### ABOUT THIS EXERCISE
Copy the data below in full, exactly as it appears.

### SOURCE RECORDS
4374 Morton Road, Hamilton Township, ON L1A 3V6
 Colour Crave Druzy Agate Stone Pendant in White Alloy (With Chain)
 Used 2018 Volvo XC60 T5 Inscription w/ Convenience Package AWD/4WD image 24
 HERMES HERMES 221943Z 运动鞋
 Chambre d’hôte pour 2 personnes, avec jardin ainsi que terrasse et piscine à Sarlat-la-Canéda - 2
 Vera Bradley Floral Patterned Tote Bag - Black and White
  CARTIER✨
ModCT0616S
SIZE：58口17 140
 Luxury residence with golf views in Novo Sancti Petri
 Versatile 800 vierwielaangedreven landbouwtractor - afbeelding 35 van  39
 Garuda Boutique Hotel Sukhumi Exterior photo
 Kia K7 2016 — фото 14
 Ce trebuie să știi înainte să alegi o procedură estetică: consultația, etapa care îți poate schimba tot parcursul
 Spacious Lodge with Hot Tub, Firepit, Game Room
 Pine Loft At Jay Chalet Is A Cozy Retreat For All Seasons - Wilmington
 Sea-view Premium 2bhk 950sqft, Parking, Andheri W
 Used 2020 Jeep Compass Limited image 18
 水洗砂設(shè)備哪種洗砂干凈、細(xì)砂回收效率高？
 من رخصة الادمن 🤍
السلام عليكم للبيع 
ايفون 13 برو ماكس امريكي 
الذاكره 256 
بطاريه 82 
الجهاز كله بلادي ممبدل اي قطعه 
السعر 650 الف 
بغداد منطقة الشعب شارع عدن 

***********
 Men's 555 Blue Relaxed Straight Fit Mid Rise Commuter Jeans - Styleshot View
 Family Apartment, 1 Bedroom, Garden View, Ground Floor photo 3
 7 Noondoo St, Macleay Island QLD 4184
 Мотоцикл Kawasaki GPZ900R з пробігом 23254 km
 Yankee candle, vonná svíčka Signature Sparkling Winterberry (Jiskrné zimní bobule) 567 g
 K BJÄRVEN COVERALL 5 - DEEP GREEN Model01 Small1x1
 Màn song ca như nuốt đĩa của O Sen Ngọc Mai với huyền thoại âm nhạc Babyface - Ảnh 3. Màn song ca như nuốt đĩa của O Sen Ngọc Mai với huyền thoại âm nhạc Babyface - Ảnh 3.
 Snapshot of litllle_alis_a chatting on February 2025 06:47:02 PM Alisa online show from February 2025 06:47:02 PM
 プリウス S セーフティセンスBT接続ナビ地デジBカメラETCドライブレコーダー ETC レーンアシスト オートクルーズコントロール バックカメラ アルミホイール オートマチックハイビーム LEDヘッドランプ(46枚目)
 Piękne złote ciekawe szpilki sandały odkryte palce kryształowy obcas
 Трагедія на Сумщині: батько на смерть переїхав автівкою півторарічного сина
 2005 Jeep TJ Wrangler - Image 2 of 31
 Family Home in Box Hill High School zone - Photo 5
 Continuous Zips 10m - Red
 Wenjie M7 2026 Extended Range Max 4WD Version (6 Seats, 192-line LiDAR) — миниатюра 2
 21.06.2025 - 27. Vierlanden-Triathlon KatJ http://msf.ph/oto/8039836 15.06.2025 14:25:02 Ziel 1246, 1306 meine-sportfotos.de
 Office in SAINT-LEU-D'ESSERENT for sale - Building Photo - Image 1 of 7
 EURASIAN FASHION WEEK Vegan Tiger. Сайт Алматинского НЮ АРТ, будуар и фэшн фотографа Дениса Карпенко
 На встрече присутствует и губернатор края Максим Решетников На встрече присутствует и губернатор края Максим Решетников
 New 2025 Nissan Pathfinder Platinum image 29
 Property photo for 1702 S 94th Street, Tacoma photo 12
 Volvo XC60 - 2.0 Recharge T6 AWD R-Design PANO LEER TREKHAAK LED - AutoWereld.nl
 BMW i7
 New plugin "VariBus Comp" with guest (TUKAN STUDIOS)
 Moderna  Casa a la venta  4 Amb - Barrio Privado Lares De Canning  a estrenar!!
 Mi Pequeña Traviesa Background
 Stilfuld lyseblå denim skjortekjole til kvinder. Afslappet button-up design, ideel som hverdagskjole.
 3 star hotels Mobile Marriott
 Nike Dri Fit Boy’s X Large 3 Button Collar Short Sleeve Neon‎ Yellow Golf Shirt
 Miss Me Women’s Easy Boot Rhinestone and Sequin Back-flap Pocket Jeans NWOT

### ANSWER BELOW
4374 Morton Road, Hamilton Township, ON L1A 3V6
 Colour Crave Druzy Agate Stone Pendant in White Alloy (With Chain)
 Used 2018 Volvo XC60 T5 Inscription w/ Convenience Package AWD/4WD image 24
 HERMES HERMES 221943Z 运动鞋
 Chambre d’hôte pour 2 personnes, avec jardin ainsi que terrasse et piscine à Sarlat-la-Canéda - 2
 Vera Bradley Floral Patterned Tote Bag - Black and White
  CARTIER✨
ModCT0616S
SIZE：58口17 140
 Luxury residence with golf views in Novo Sancti Petri
 Versatile 800 vierwielaangedreven landbouwtractor - afbeelding 35 van  39
 Garuda Boutique Hotel Sukhumi Exterior photo
 Kia K7 2016 — фото 14
 Ce trebuie să știi înainte să alegi o procedură estetică: consultația, etapa care îți poate schimba tot parcursul
 Spacious Lodge with Hot Tub, Firepit, Game Room
 Pine Loft At Jay Chalet Is A Cozy Retreat For All Seasons - Wilmington
 Sea-view Premium 2bhk 950sqft, Parking, Andheri W
 Used 2020 Jeep Compass Limited image 18
 水洗砂設(shè)備哪種洗砂干凈、細(xì)砂回收效率高？
 من رخصة الادمن 🤍
السلام عليكم للبيع 
ايفون 13 برو ماكس امريكي 
الذاكره 256 
بطاريه 82 
الجهاز كله بلادي ممبدل اي قطعه 
السعر 650 الف 
بغداد منطقة الشعب شارع عدن 

***********
 Men's 555 Blue Relaxed Straight Fit Mid Rise Commuter Jeans - Styleshot View
 Family Apartment, 1 Bedroom, Garden View, Ground Floor photo 3
 7 Noondoo St, Macleay Island QLD 4184
 Мотоцикл Kawasaki GPZ900R з пробігом 23254 km
 Yankee candle, vonná svíčka Signature Sparkling Winterberry (Jiskrné zimní bobule) 567 g
 K BJÄRVEN COVERALL 5 - DEEP GREEN Model01 Small1x1
 Màn song ca như nuốt đĩa của O Sen Ngọc Mai với huyền thoại âm nhạc Babyface - Ảnh 3. Màn song ca như nuốt đĩa của O Sen Ngọc Mai với huyền thoại âm nhạc Babyface - Ảnh 3.
 Snapshot of litllle_alis_a chatting on February 2025 06:47:02 PM Alisa online show from February 2025 06:47:02 PM
 プリウス S セーフティセンスBT接続ナビ地デジBカメラETCドライブレコーダー ETC レーンアシスト オートクルーズコントロール バックカメラ アルミホイール オートマチックハイビーム LEDヘッドランプ(46枚目)
 Piękne złote ciekawe szpilki sandały odkryte palce kryształowy obcas
 Трагедія на Сумщині: батько на смерть переїхав автівкою півторарічного сина
 2005 Jeep TJ Wrangler - Image 2 of 31
 Family Home in Box Hill High School zone - Photo 5
 Continuous Zips 10m - Red
 Wenjie M7 2026 Extended Range Max 4WD Version (6 Seats, 192-line LiDAR) — миниатюра 2
 21.06.2025 - 27. Vierlanden-Triathlon KatJ http://msf.ph/oto/8039836 15.06.2025 14:25:02 Ziel 1246, 1306 meine-sportfotos.de
 Office in SAINT-LEU-D'ESSERENT for sale - Building Photo - Image 1 of 7
 EURASIAN FASHION WEEK Vegan Tiger. Сайт Алматинского НЮ АРТ, будуар и фэшн фотографа Дениса Карпенко
 На встрече присутствует и губернатор края Максим Решетников На встрече присутствует и губернатор края Максим Решетников
 New 2025 Nissan Pathfinder Platinum image 29
 Property photo for 1702 S 94th Street, Tacoma photo 12
 Volvo XC60 - 2.0 Recharge T6 AWD R-Design PANO LEER TREKHAAK LED - AutoWereld.nl
 BMW i7
 New plugin "VariBus Comp" with guest (TUKAN STUDIOS)
 Moderna  Casa a la venta  4 Amb - Barrio Privado Lares De Canning  a estrenar!!
 Mi Pequeña Traviesa Background
 Stilfuld lyseblå denim skjortekjole til kvinder. Afslappet button-up design, ideel som hverdagskjole.
 3 star hotels Mobile Marriott
 Nike Dri Fit Boy’s X Large 3 Button Collar Short Sleeve Neon‎ Yellow Golf Shirt
 Miss Me Women’s Easy Boot Rhinestone and Sequin Back-flap Pocket Jeans NWOT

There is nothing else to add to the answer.